Asked on Tuesday night if she sees the House spending any time on the Kavanaugh matter, House Speaker Nancy Pelosi responded with a simple “no.”

Momentum appears to have significantly shifted as the Times’ Kavanaugh reporting has fallen apart under scrutiny, and Democratic leadership has belatedly come to grips with it. The Senate’s number-two Democrat Dick Durbin lamented that his fellow Democrats seem obsessed with the idea of impeachment. He warned about the impression such “knee-jerk” reactions leaves with voters:

Sen. Dick Durbin (D-Ill.), the Senate minority whip and a member of the Judiciary Committee, said Republicans love hearing Democrats talk about impeachment and warned his party against an “unrealistic,” “knee-jerk reaction.”

“The notion of an impeachment, to me, is unrealistic and the fact that we would divert ourselves from other issues for that purpose makes no sense,” he said. “It’s become a knee-jerk reaction among many Democrats.”

Sheldon Whitehouse, last seen delving deeply into the etymology of the word “boof” and teenage slang for sex, lamented the jump to prosecution ahead of actual evidence:

Sen. Sheldon Whitehouse (D-R.I.), a member of the Senate Judiciary Committee, warned that House Democrats pushing for impeachment were getting ahead of themselves.

“We seem to have a habit of wanting to get to the verdict before we’ve gathered the evidence. I don’t, as a former prosecutor, approve of that habit,” he said.
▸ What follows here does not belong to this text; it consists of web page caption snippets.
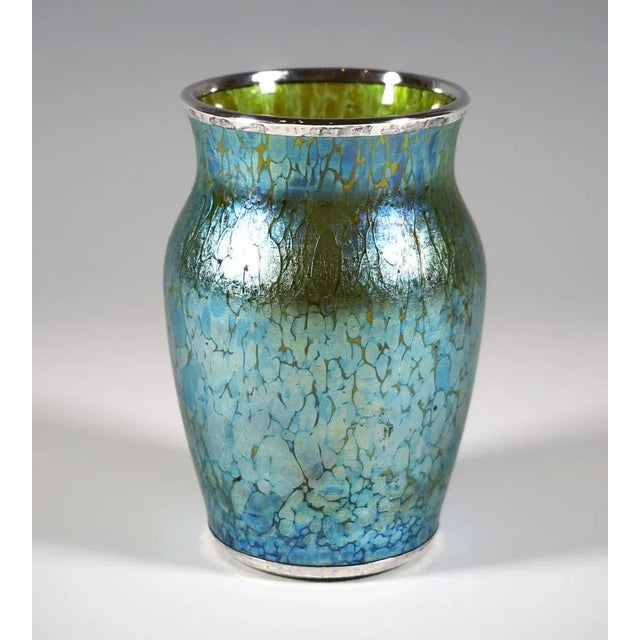 In the shape of blown, baluster -shaped body with a flush stand, slightly wide upwards, gentle constriction and slightly...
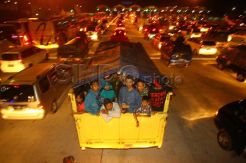 Pemudik Truk Bak Terbuka Antre di Gerbang Tol Cikopo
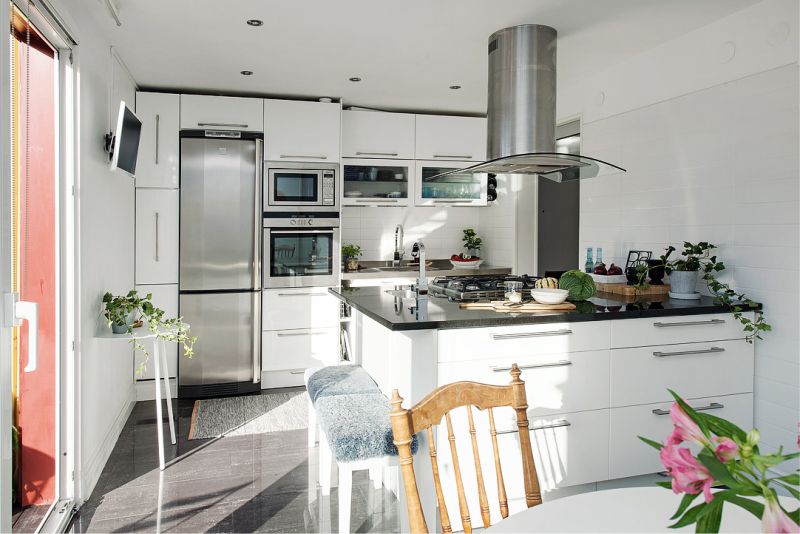 Cozinha linear com uma península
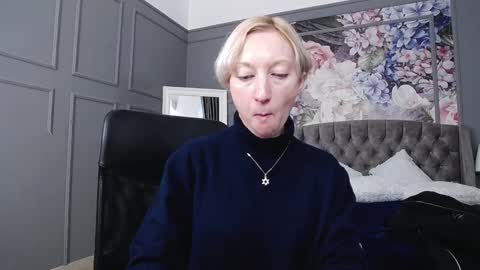 Natalie online show from 12/27/24, 07:40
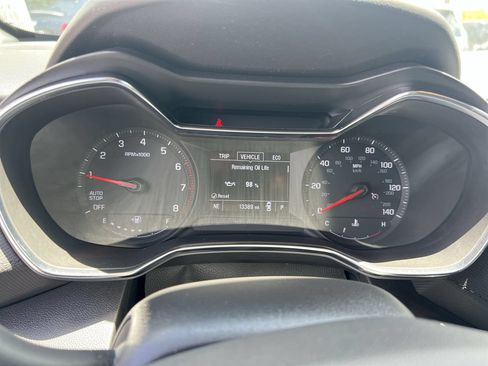 Used 2023 Chevrolet TrailBlazer LT FWD image 21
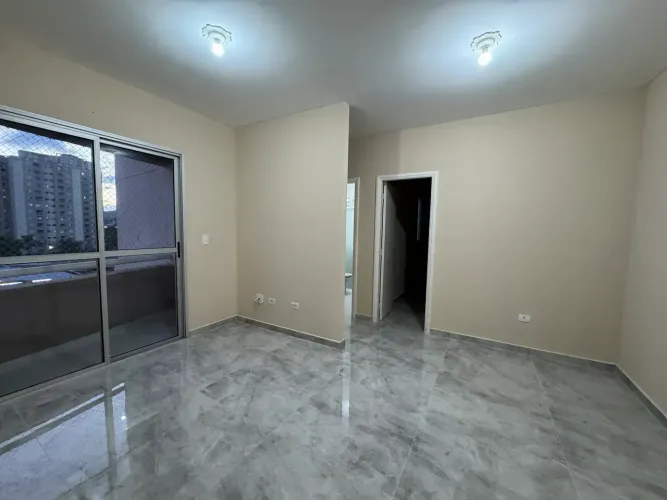 APARTAMENTO REFORMADO ,COM ARMARIOS , PARA LOCAÇÃO  RESIDENCIAL FLORA I | NOVA MOGILAR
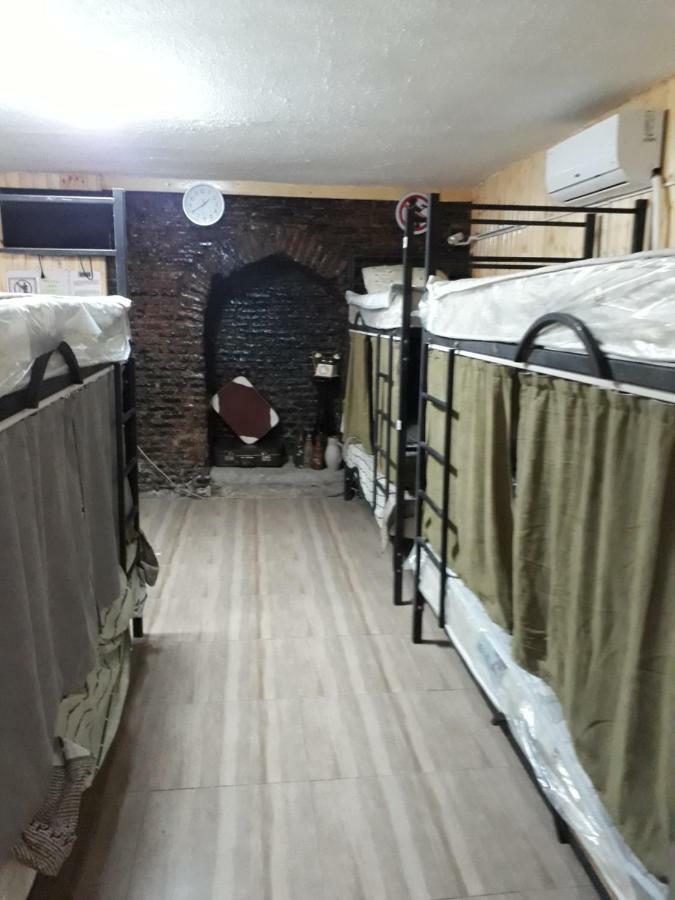 Avlabari Vandrarhem Tbilisi Exteriör bild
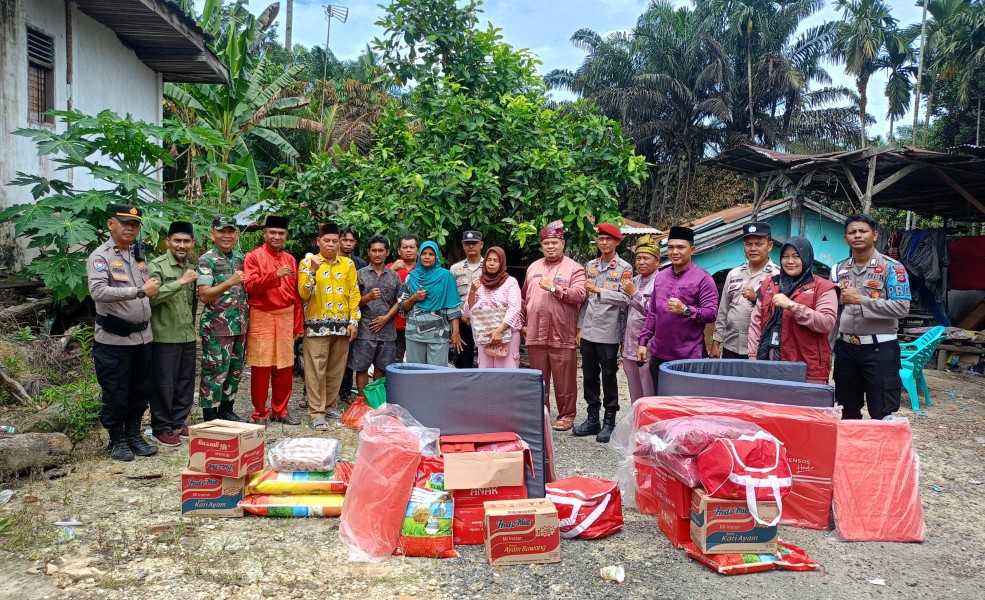 Baznas Pelalawan Bersama Forkopimcam Berikan Perhatian Korban Kebakaran di Desa Muda Setia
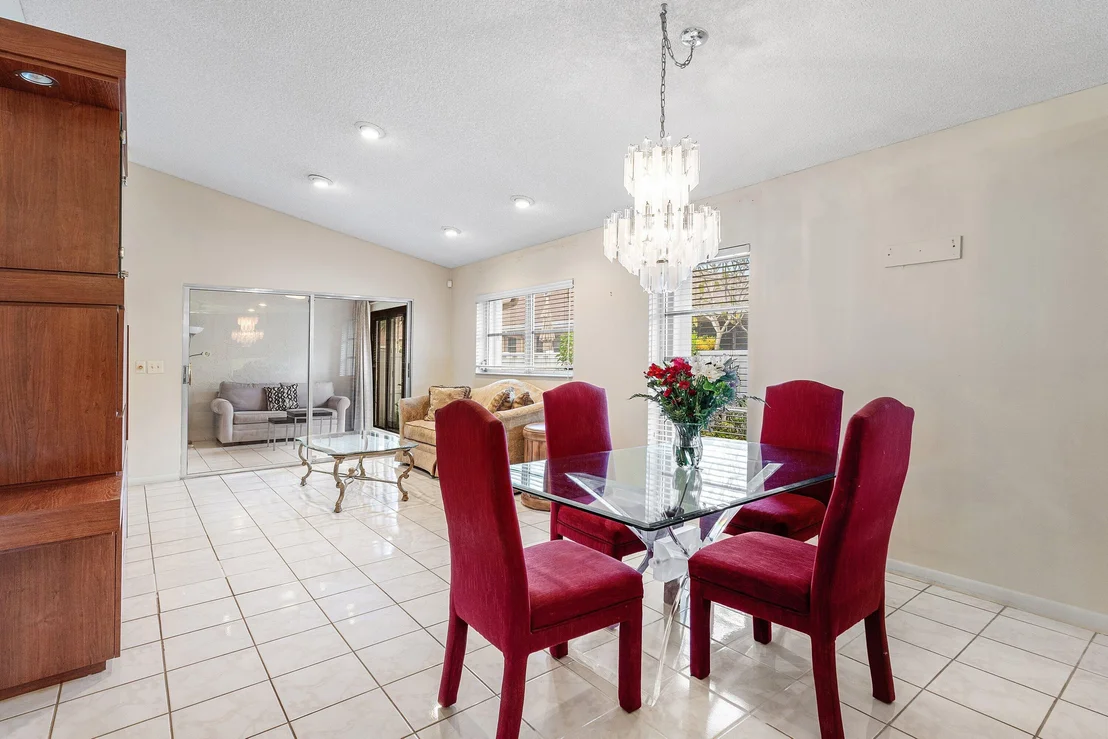 Photo of Unit D at 8077 Springtree Road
Hmmm. That’s quite the turnaround from Whitehouse’s conclusion-jumping about teenage entries in high-school yearbooks from 40 years ago. As a former prosecutor, has he finally figured out the difference between “boof” and “boff” yet in 1970s/1980s teen slang?

This sudden realization about the potential dangers of impeachment fever haven’t quite registered yet with one of its most significant sufferers. Politico reports that a schism has begun opening between Pelosi and House Judiciary chair Jerrold Nadler over his attempts to cast his inquiries as a formal impeachment process, a split which came out in the open at a private caucus meeting last week. Pelosi has grown so frustrated that she explicitly told members to leak it to the press:

In a closed-door meeting last week, Speaker Nancy Pelosi stunned lawmakers and aides with a swipe at Democratic staff on the House Judiciary Committee.

Pelosi criticized the panel’s handling of impeachment in harsh terms, complaining committee aides have advanced the push for ousting President Donald Trump far beyond where the House Democratic Caucus stands. Democrats simply don’t have the votes on the floor to impeach Trump, Pelosi said.

“And you can feel free to leak this,” Pelosi added, according to multiple people in the room. Pelosi’s office declined to comment on the meeting. …

Both Pelosi and Nadler, who have served in the House together for more than 25 years, insist their relationship remains strong. But their rift over impeachment is getting harder and harder to paper over amid Democrats’ flailing messaging on the topic and a growing divide in the caucus.

Pelosi’s smart enough to realize that the rhetorical stampede toward impeaching Kavanaugh over the weekend compromised the argument for impeaching Trump. As Durbin warned, Democrats now look like utter political nihilists, not good-government activists, attempting to oust anyone who opposes them regardless of elections or process. They have become a pitchfork and torch mob, not a governing party. The longer that goes on, the tougher it will be for them to hold the ground they gained in 2018 and avoid the same backlash Republicans got in 1998.